Michael- I'm a novice at woodworking and beekeeping- bad combo when trying to build TBH! I have a question about how your entrance works with the cover on. Can you give a really precise explanation for someone (me) who has no intuitive feel for woodworking or design? Also, how do your bees clean how the hive with the opening in the top? Thanks!


----------



## Michael Bush (Aug 2, 2002)

> Michael- I'm a novice at woodworking and beekeeping- bad combo when trying to build TBH! I have a question about how your entrance works with the cover on.
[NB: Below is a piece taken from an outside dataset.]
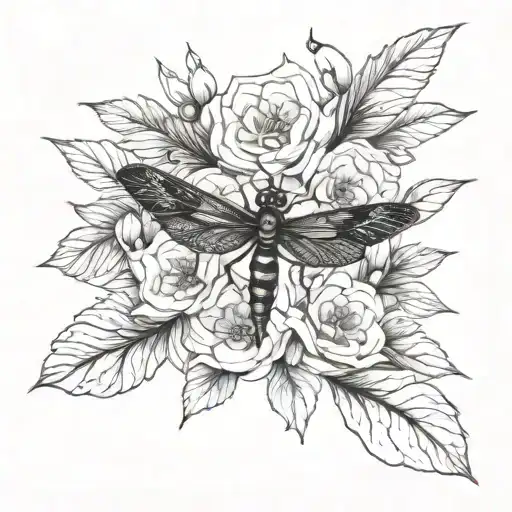 Flowers With Two Bands And Dragonfly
The problem is that it's too simple for anyone to grasp. If your top bar hive has the bars resting on (and not inset in) to the dies and your cover is just a flat cover, you don't need to worry about an entrance. The leftover space if you put the bars tight to the back will make your entrance. If it's less than 1/4" then leave out the first bar. You'll have the gap at the front as the entrance. Now if you got fancy, which I don't recommend with a top bar hive, and make a telescopic cover, then you'll have to slide it all the way forward to have a top entrance and if there isn't at least 1/4" gap at the front with it all the way to the front, then it may not work at all.

> Can you give a really precise explanation for someone (me) who has no intuitive feel for woodworking or design?

I keep trying. I tried to get better pictures of it on my site, but my camera upload isn't working and I don't know why.

> Also, how do your bees clean how the hive with the opening in the top?

http://www.bushfarms.com/beestopentrance.htm#dead


----------



## Ansley (Jan 19, 2009)

Thanks. I think I've got it now. :doh:


----------